Activity: What you write must match, character for character, the lines from the one with "Moody 27 Bilge Keel" down to the one with "Bluey: Treasury" in the listing below, minus its pictures.

---

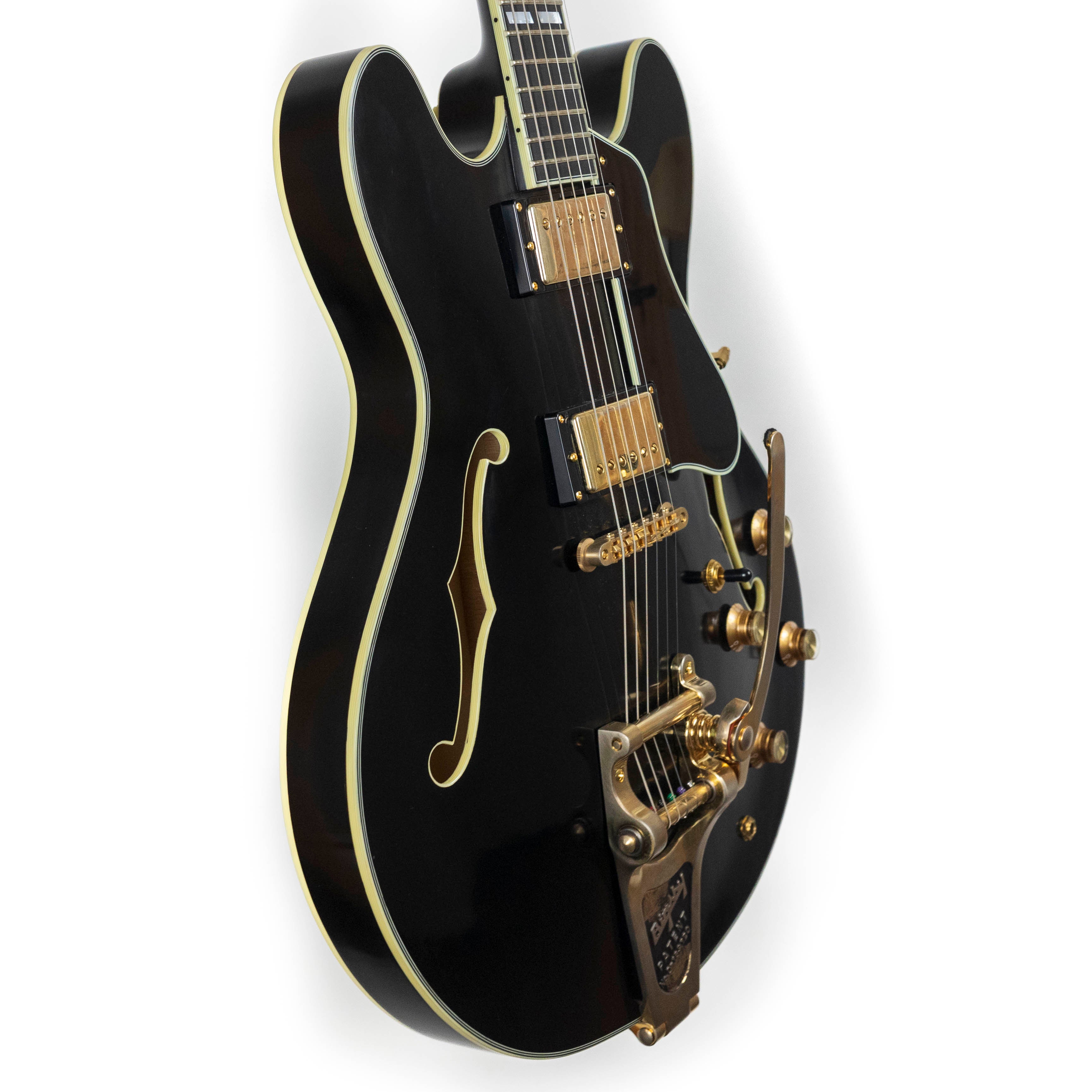 Eastman T59/TV-B-LTD-BK, Black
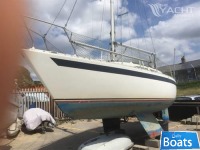 Moody 27 Bilge Keel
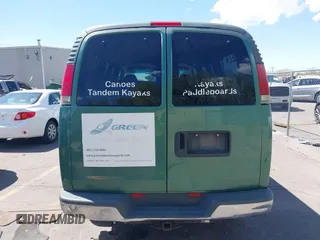 1999 GMC Savana z VIN 1GJHG35R4X1134983, wystawiony jako IAAI lot #42084648 z przebiegiem 167 848 mil mil oraz . Historia ofert i sprzedaży dostępna na DreamBid. Obrazek 16.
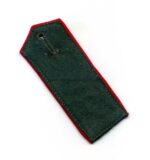 1 Schulterstück Feldgrau vom 1.WK: Kaiser Franz Garde-Grenadier Regt. Nr.2 Berlin, selten – Bild 2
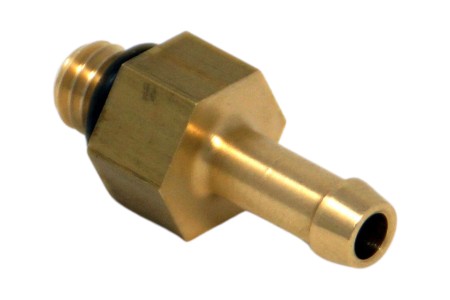 Injector nozzle for AC W01 rail D. 5 mm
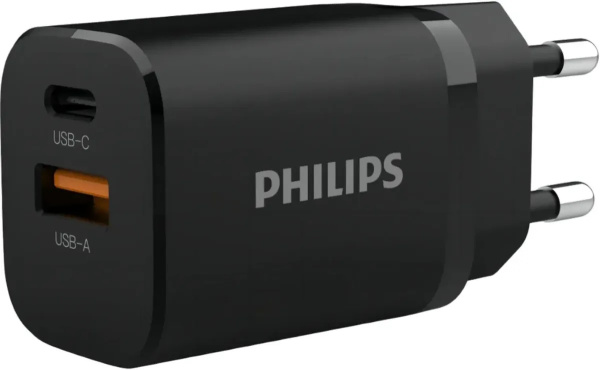 фото Зарядное устройство сетевое Philips DLP5331CB/74 в Омске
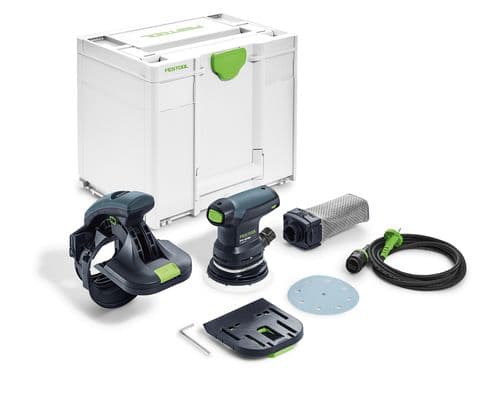 Edge sander ES-ETS 125 REQ-Plus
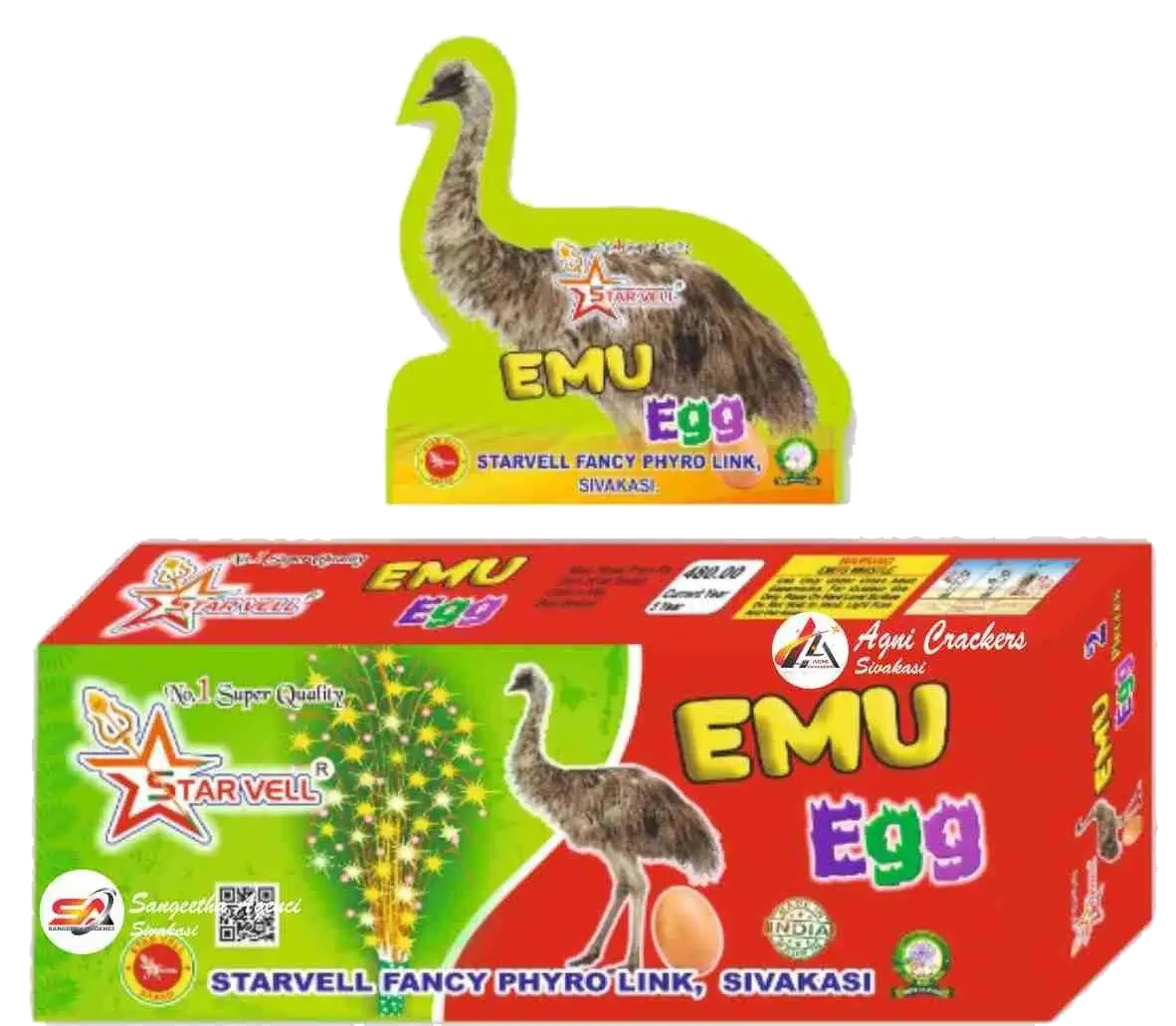 EMU egg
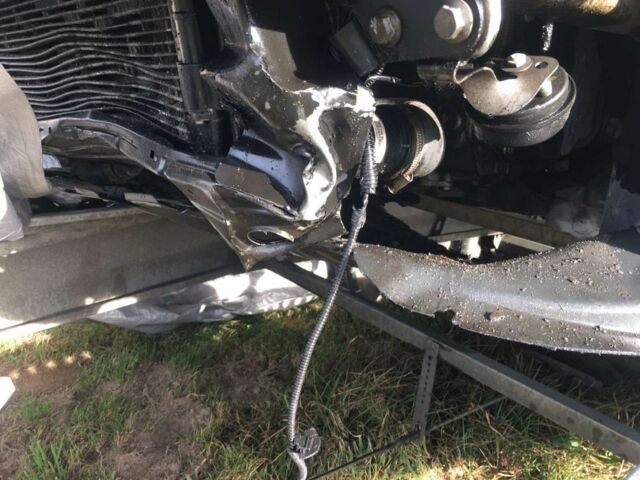 Серый Шкода Октавия, объемом двигателя 1.6 л и пробегом 200 тыс. км за 2990 $, фото 7 на Automoto.ua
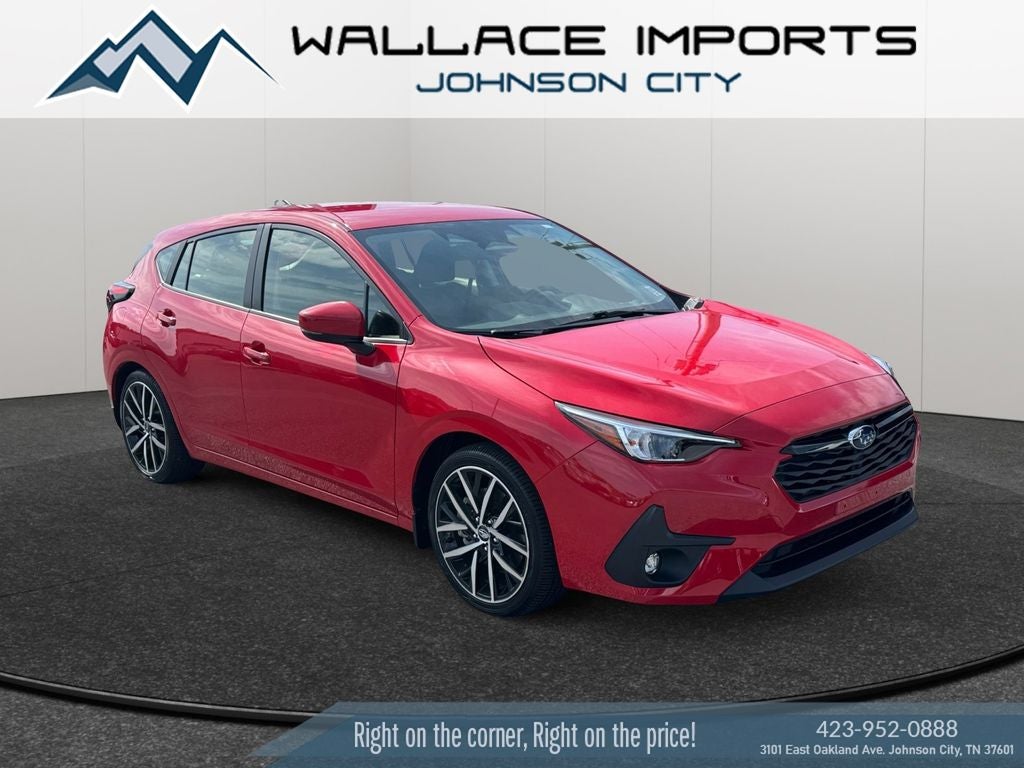 2026 Subaru Impreza Sport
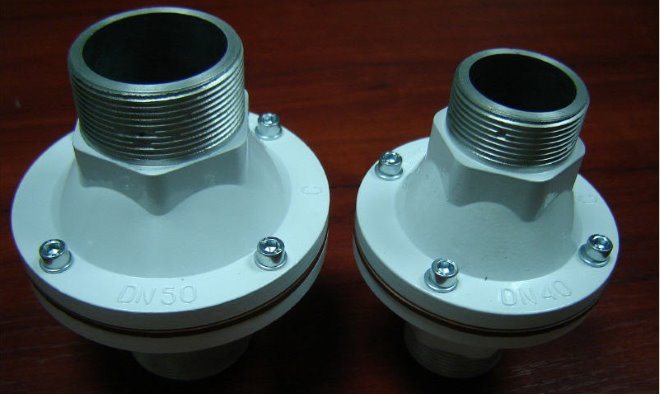 Ball type heating check valve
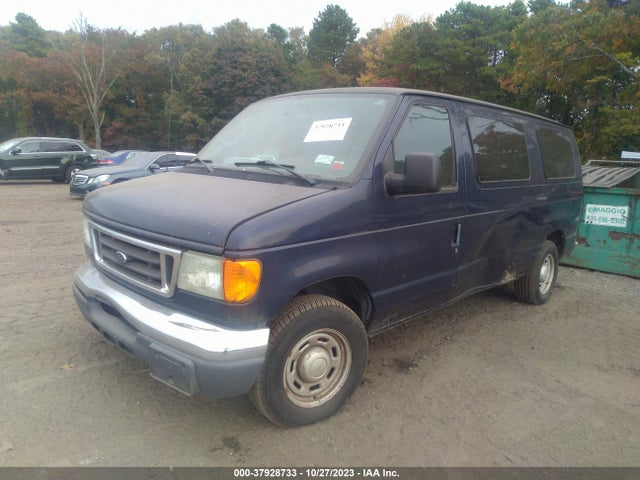 2006 FORD E-150 RECREATIONAL/COMMERCIAL VIN: 1FTRE14W26HA05353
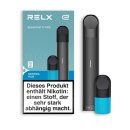 RELX Essential Kit-Black-1 Pod Pro-Mentho Plus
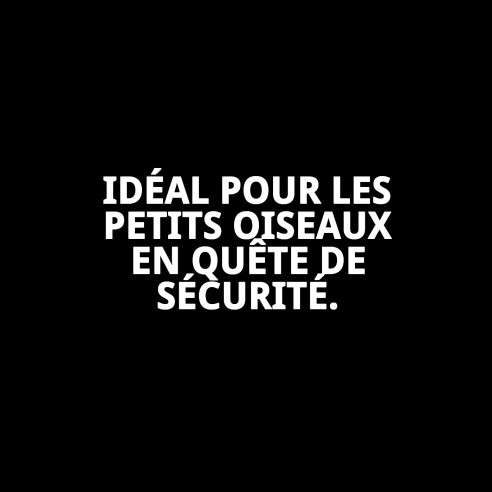Nid Pita 9 cm : Confort et Style pour votre Animal de Compagnie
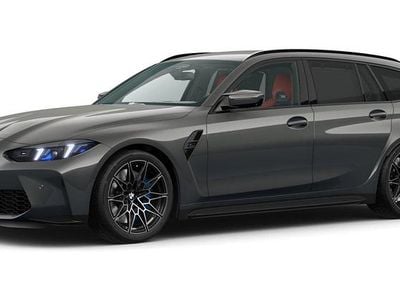 Gebraucht BMW M3 Competition Edition 530 PS (389 kW) 2025 Grau Kombi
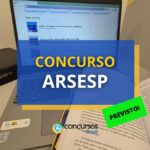 Concurso ARSESP é autorizado; edital pode sair em breve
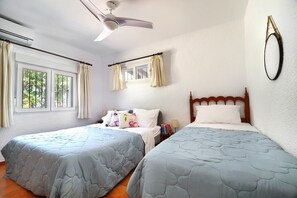 3 slaapkamers, gratis wifi, beddengoed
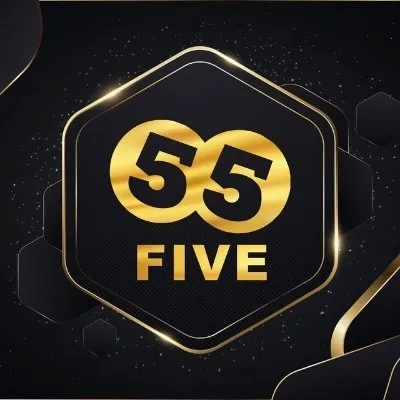 Update Aplikasi 55five ke Versi Terbaru APK Resmi — ikon aplikasi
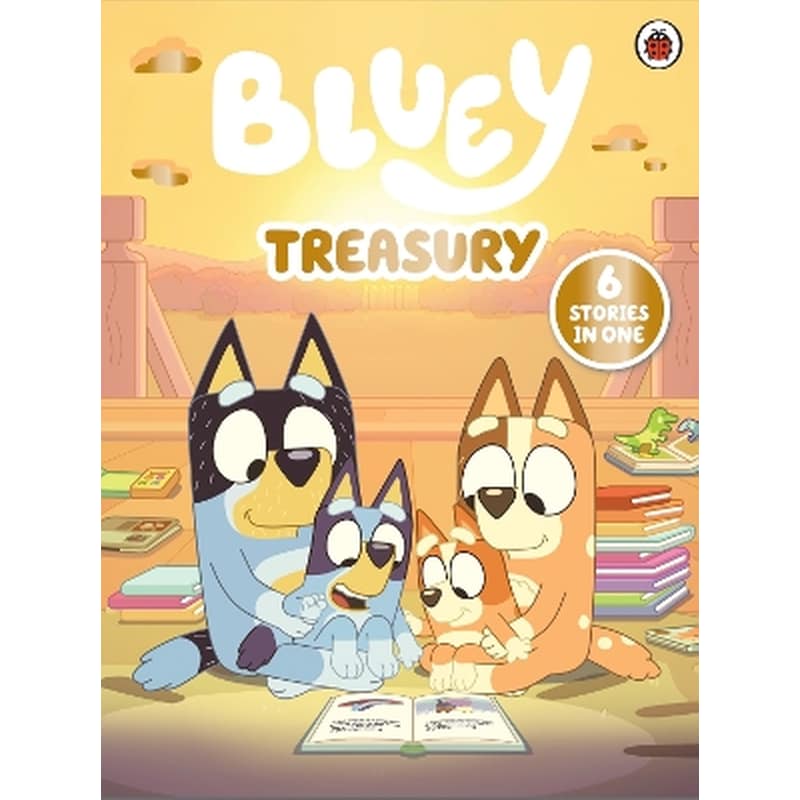 Bluey: Treasury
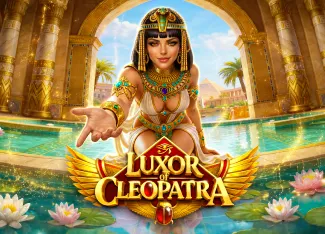 Luxor of Cleopatra - STAYSLOT168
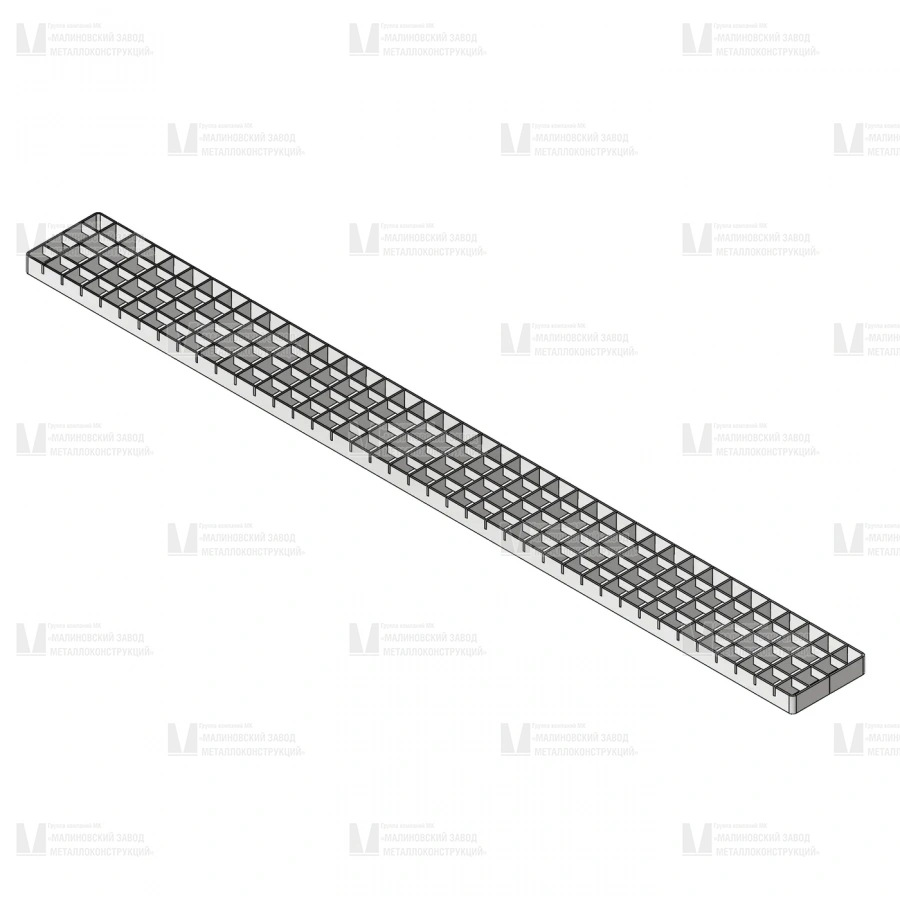 Решетка Inoxguard 100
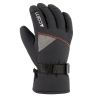 Guantes de esquí Cairn ARTIC 2 J C-TEX (NEGRO ROJO BRILLANTE)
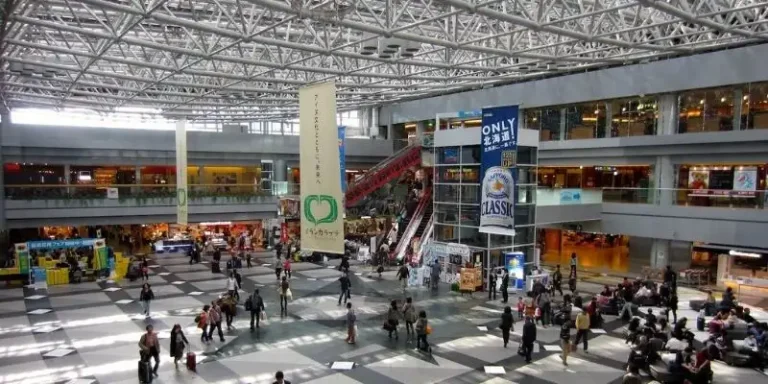 New Chitose Airport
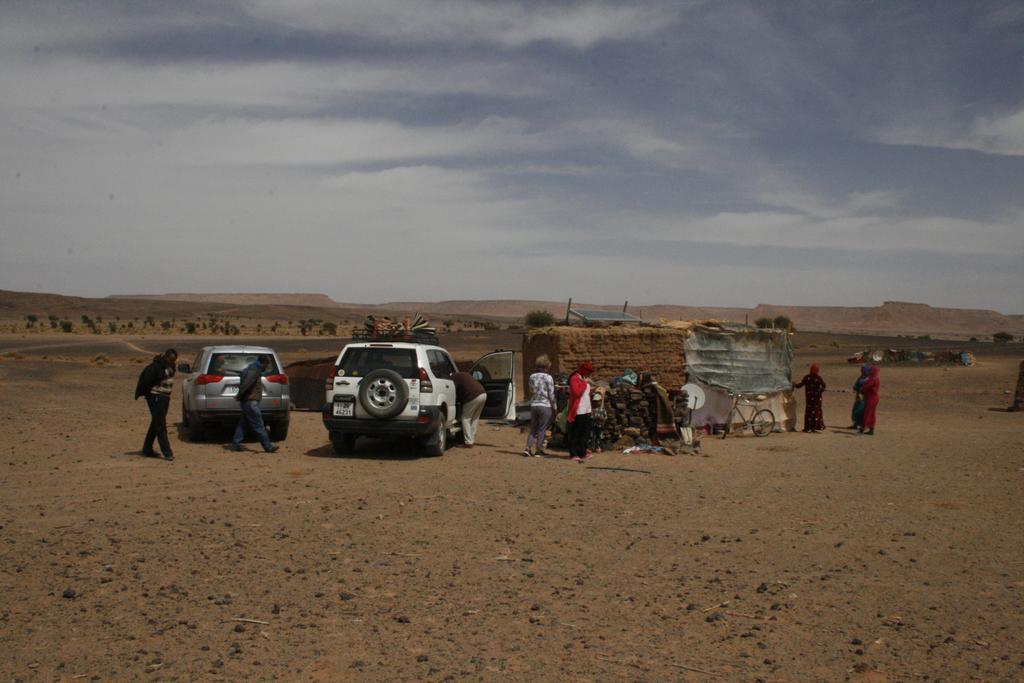 Riad Marhaba Merzane Luaran gambar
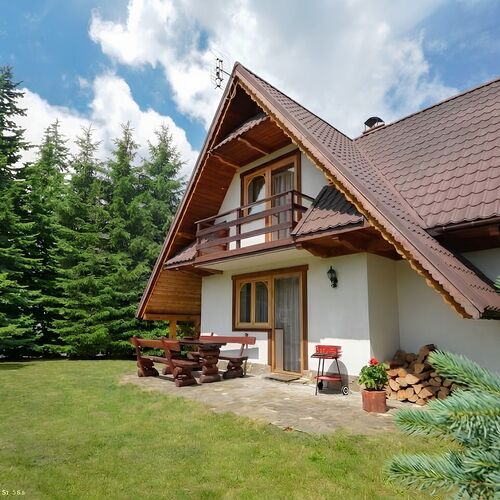 Samodzielny Domek Apartament Sarnia Poronin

---

Exercise answer:
 Moody 27 Bilge Keel
 1999 GMC Savana z VIN 1GJHG35R4X1134983, wystawiony jako IAAI lot #42084648 z przebiegiem 167 848 mil mil oraz . Historia ofert i sprzedaży dostępna na DreamBid. Obrazek 16.
 1 Schulterstück Feldgrau vom 1.WK: Kaiser Franz Garde-Grenadier Regt. Nr.2 Berlin, selten – Bild 2
 Injector nozzle for AC W01 rail D. 5 mm
 фото Зарядное устройство сетевое Philips DLP5331CB/74 в Омске
 Edge sander ES-ETS 125 REQ-Plus
 EMU egg
 Серый Шкода Октавия, объемом двигателя 1.6 л и пробегом 200 тыс. км за 2990 $, фото 7 на Automoto.ua
 2026 Subaru Impreza Sport
 Ball type heating check valve
 2006 FORD E-150 RECREATIONAL/COMMERCIAL VIN: 1FTRE14W26HA05353
 RELX Essential Kit-Black-1 Pod Pro-Mentho Plus
Nid Pita 9 cm : Confort et Style pour votre Animal de Compagnie
 Gebraucht BMW M3 Competition Edition 530 PS (389 kW) 2025 Grau Kombi
 Concurso ARSESP é autorizado; edital pode sair em breve
 3 slaapkamers, gratis wifi, beddengoed
 Update Aplikasi 55five ke Versi Terbaru APK Resmi — ikon aplikasi
 Bluey: Treasury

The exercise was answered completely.